'Federalization law is legal'
Friday, November 27, 2009
NMI arguments 'unpersuasive, plain wrong'
By Ferdie de la Torre
Reporter
U.S. District Court for the District of Columbia Judge Paul L. Friedman has upheld the constitutionality of the law that applies federal immigration laws to the CNMI.
In explaining his order dismissing counts 1 and 2 of the CNMI government's amended lawsuit against federalization, Friedman described the Commonwealth's arguments “unpersuasive, unavailing, and just plain wrong.”
Friedman said that Congress was authorized to enact the Consolidated Natural Resources Act by the plain and unambiguous terms of Section 503 of the Covenant. CNRA, the federalization law, is also known as Public Law 110-229.
The judge also ruled that the challenged provisions of the CNRA comply with the mutual consent provision of Section 105 and the “self-government” guarantee of Section 103 of the Covenant.
“No doubt the CNMI would prefer that federal legislation never affect any matters of local concern, no matter how inextricably intertwined they may be with federal affairs. But it cannot rely on the Covenant to ensure that result,” said Friedman in a 39-page opinion that explained his Tuesday order dismissing two of the CNMI government's three-count lawsuit.
The CNMI, through the Jenner and Block law firm, had asked the court to prevent the federal government from acting in violation of the Covenant and urged the court to issue a permanent ban against the implementation of the federalization law in the Commonwealth.
In Count 1, the CNMI claimed that federalization is in violation of the Covenant in that it infringes on the right of the CNMI to self-government and abrogates that right without the CNMI's consent.
The CNMI argued, among other things, that the federalization of immigration and foreign worker-related labor matters in the CNMI violates sections of the Covenant which call for local control over local matters and require mutual consent for any changes to the Covenant.
The CNMI insists that Congress acted in excess of its authority in passing some provisions of the CNRA, and that those provisions must be stopped.
Friedman disagreed.
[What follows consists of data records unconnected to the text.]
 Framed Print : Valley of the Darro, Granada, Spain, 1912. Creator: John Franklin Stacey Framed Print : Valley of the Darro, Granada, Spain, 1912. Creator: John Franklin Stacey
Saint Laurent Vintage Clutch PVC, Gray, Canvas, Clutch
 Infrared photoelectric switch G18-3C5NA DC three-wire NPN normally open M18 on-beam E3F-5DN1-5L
He concluded that under the express and unambiguous language of Section 503 of the Covenant, Congress was free after Nov. 3, 1986, to apply immigration and naturalization laws of the U.S. to the CNMI.
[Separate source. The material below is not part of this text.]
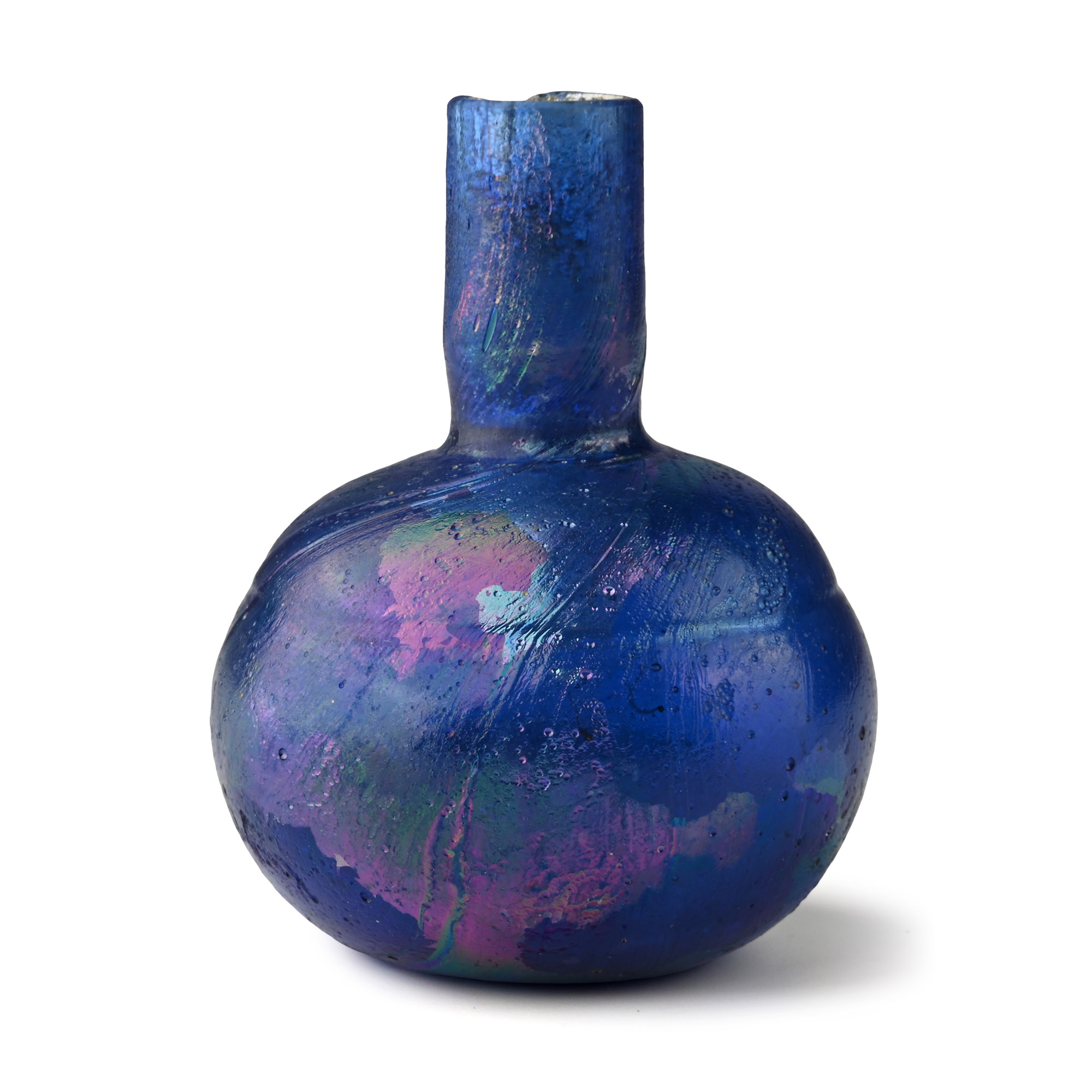 Roman Cobalt Blue Glass Flask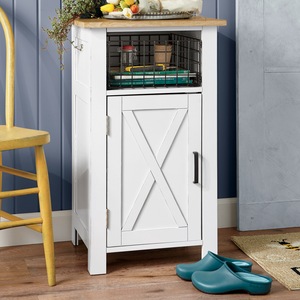 Kaine Cabinet with Wire Basket, , large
“As a result, the CNRA is a legitimate exercise of federal congressional authority so long as its challenged provisions qualify as being among 'the immigration and naturalization laws of the United States.'”
Friedman said so long as the CNRA qualifies as an “immigration and naturalization law,” it does not infringe upon the “internal affairs” of the CNMI within the meaning of Section 103.
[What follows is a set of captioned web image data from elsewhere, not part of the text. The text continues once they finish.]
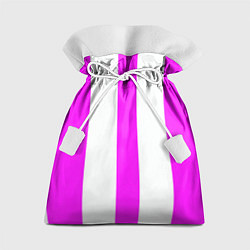 Мешок для подарков Color white pink lines, цвет: 3D-принт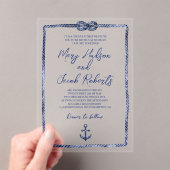 Faire-part de mariage acrylique marine côtière (In situ (ordinateur de poche))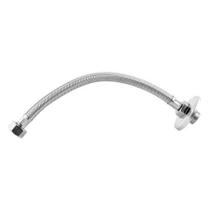 ENGATE FLEXÍVEL TRANÇADO 40 cm e 1/2 EM AÇO INOX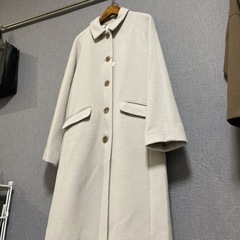 新品未使用　ウール100%  ロングコートの画像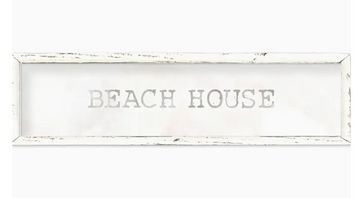 Beach House Shelf Art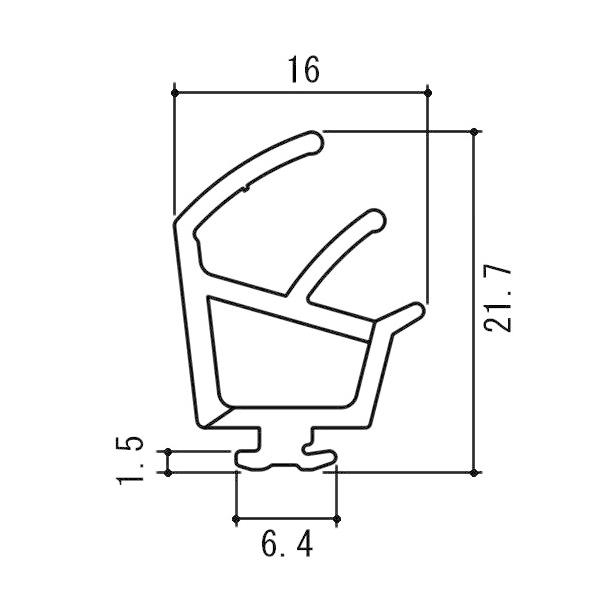 気密材 WD4695 L：2,400mm / 3本入り 交換用 部品 三協アルミ 旧立山
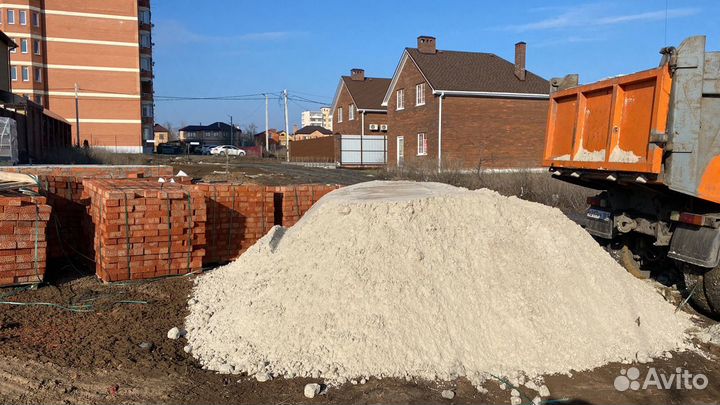 Песок карьерный сеянный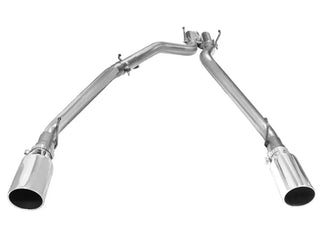 aFe MACHForce XP 3in SS DPF-Back Exhaust (REAR): Ram 1500 3.0L EcoDiesel (11-24) w/ 6in Polished Tips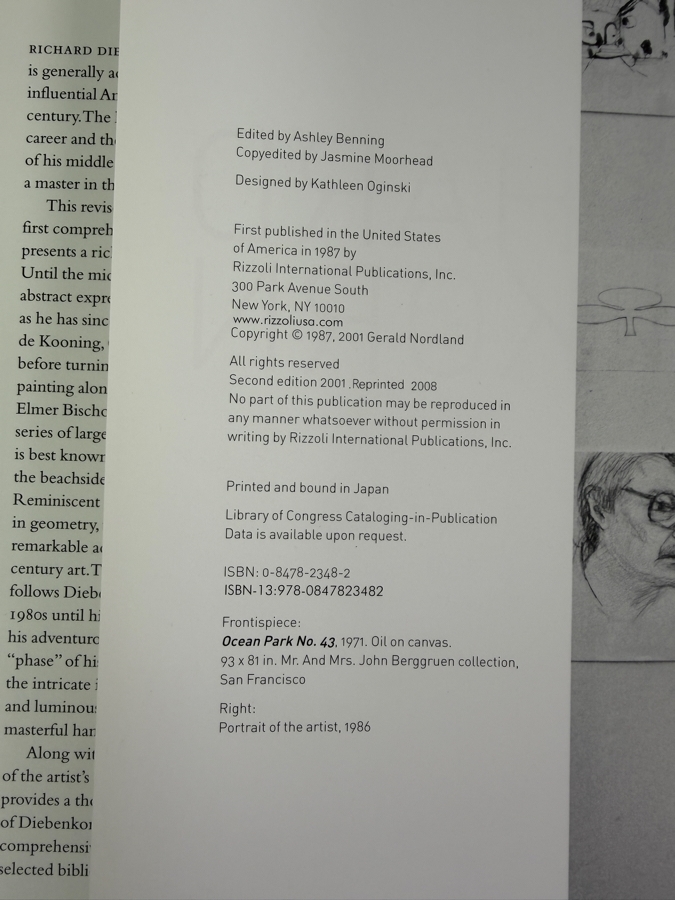 Hardcover Artbook Richard Diebenkorn Revised And Expanded Published By Rizzoli 2008 [Photo 4]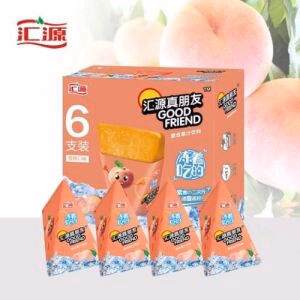 HUIYUAN Frozen Peach Juice Smoothie Bar 60ml *6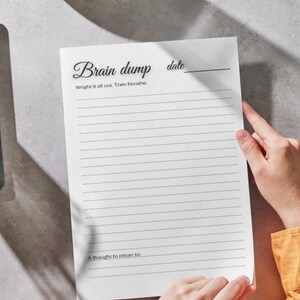 Brain Dump Printable Pages | Mental Clarity Worksheets + Bonus ...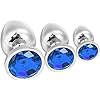 Greenpinecone Kleine middelgrote metalen anale plug set buttplug anale butt plug met kristal diamant - Afbeelding 8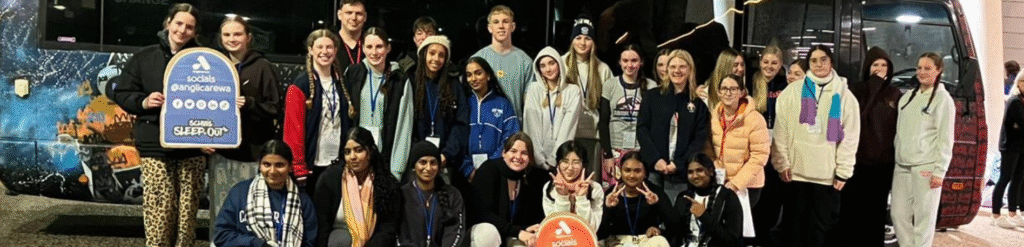 Community header Anglicare Sleepout 5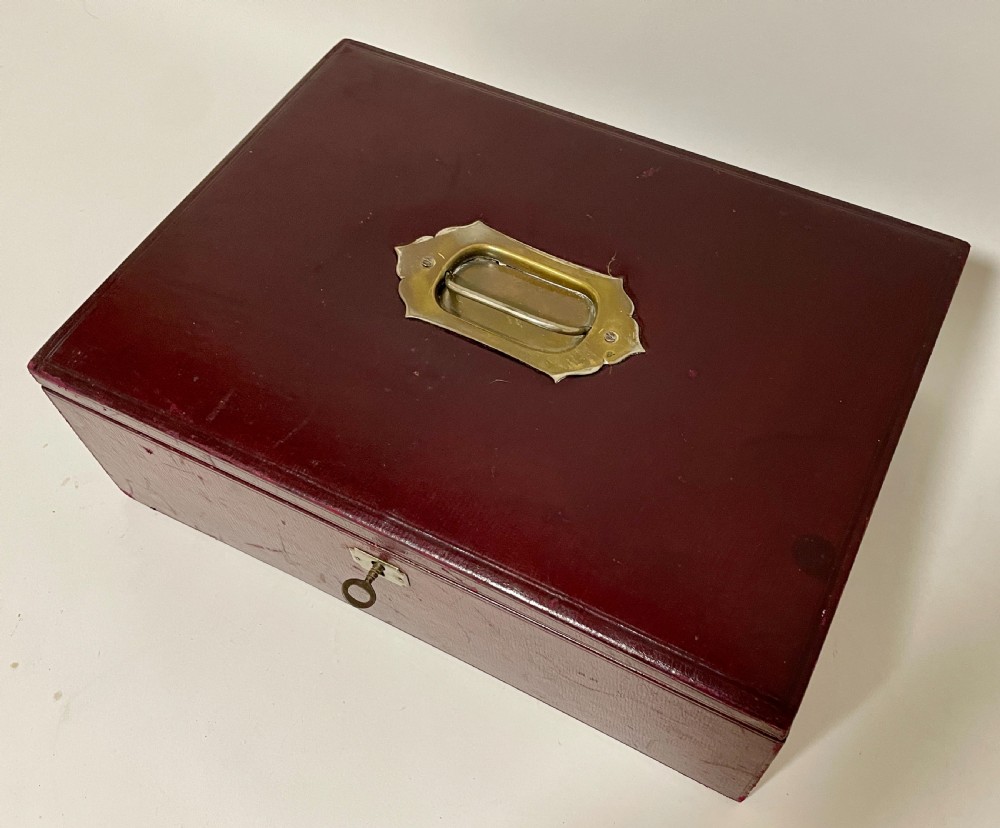 Antique Leather Writing Box View II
He said the CNMI's argument that the CNRA cannot be viewed as an “immigration law” is unpersuasive.
The judge said the CNMI is just plain wrong when it asserts that nothing in federal immigration and naturalization law permits an “employer-by-employer, worker-by-worker local labor permitting scheme.”
“The fact that the application of federal immigration laws to the CNMI through the CNRA may have a dramatic impact upon the CNMI's labor force does not convert an immigration law into a labor law,” he said.
Friedman said even if the court were to agree with the CNMI that the CNRA is not an immigration and naturalization law that Congress is specifically authorized by the Covenant to enact, the court will still find the CNRA valid under the Covenant.
The CNMI had argued that the provisions of the CNRA dealing with foreign workers already in the CNMI “have nothing whatever to do with border security” but are internal labor matters.
Friedman rejected this argument, saying this appears to be based on the assumption that “border security” is achieved only at the border and nowhere else.
“That assumption makes little sense here. Thousands of individuals who would have been ineligible to enter the CNMI under federal immigration law already reside in the CNMI,” he said.
Obviously, Friedman said, the U.S. could not simply ignore these individuals and at the same time regard the CNMI's borders as “secure,” because one of the principal ways the U.S. secures its borders is by requiring compliance with its immigration laws.
He said the CNMI wishes to characterize the regulation of foreign workers already admitted to the CNMI as a local matter because the CNMI's economy is dependent on the labor of foreign workers.
“In addition to being circular, that argument fails to recognize that the presence of thousands of foreign workers in the CNMI, few of whom would qualify to enter the CNMI under federal immigration laws, raises legitimate foreign policy and security concerns-concerns solely within the province of the federal government,” Friedman said.